# Available data
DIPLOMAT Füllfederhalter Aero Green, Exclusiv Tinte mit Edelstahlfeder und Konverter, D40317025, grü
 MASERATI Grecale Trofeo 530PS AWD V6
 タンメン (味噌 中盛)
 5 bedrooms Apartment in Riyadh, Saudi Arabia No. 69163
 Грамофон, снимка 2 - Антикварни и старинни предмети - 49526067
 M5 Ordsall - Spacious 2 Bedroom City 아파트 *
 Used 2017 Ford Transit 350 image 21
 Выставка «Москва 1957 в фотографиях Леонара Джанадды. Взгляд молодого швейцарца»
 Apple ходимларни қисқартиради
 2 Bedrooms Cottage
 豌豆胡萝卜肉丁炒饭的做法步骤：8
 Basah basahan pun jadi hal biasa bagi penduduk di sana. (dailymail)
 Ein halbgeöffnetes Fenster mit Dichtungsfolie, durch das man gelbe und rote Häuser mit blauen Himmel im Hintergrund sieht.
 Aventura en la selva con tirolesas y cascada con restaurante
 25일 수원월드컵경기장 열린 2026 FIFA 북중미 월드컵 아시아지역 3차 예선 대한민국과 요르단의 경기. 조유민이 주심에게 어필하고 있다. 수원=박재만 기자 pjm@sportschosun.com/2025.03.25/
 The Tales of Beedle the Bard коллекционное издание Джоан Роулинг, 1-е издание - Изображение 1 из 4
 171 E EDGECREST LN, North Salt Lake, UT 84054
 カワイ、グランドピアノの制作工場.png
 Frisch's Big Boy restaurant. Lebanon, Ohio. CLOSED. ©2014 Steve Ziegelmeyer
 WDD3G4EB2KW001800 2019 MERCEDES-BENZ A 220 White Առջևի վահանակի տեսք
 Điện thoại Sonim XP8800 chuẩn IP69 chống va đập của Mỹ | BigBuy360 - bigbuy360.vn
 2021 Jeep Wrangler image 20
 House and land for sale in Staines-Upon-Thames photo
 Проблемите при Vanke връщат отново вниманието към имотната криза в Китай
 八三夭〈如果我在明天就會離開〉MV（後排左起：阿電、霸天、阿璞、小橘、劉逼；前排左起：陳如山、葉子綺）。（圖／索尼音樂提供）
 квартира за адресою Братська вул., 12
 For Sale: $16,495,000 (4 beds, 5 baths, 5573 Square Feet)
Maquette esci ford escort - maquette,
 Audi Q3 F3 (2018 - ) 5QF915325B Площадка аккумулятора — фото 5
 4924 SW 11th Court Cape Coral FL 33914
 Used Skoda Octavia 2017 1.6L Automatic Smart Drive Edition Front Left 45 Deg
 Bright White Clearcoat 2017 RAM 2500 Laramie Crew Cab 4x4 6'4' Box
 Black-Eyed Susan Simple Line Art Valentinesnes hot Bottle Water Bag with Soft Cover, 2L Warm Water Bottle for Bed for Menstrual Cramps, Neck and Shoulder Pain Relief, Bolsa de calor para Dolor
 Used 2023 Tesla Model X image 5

# What the task asks
When the line with "Used 2017 Ford Transit 350 image 21" is reached in the data above, begin copying, and stop after the line with "25일 수원월드컵경기장 열린"; copy each line exactly, both ends included.

# Solution
 Used 2017 Ford Transit 350 image 21
 Выставка «Москва 1957 в фотографиях Леонара Джанадды. Взгляд молодого швейцарца»
 Apple ходимларни қисқартиради
 2 Bedrooms Cottage
 豌豆胡萝卜肉丁炒饭的做法步骤：8
 Basah basahan pun jadi hal biasa bagi penduduk di sana. (dailymail)
 Ein halbgeöffnetes Fenster mit Dichtungsfolie, durch das man gelbe und rote Häuser mit blauen Himmel im Hintergrund sieht.
 Aventura en la selva con tirolesas y cascada con restaurante
 25일 수원월드컵경기장 열린 2026 FIFA 북중미 월드컵 아시아지역 3차 예선 대한민국과 요르단의 경기. 조유민이 주심에게 어필하고 있다. 수원=박재만 기자 pjm@sportschosun.com/2025.03.25/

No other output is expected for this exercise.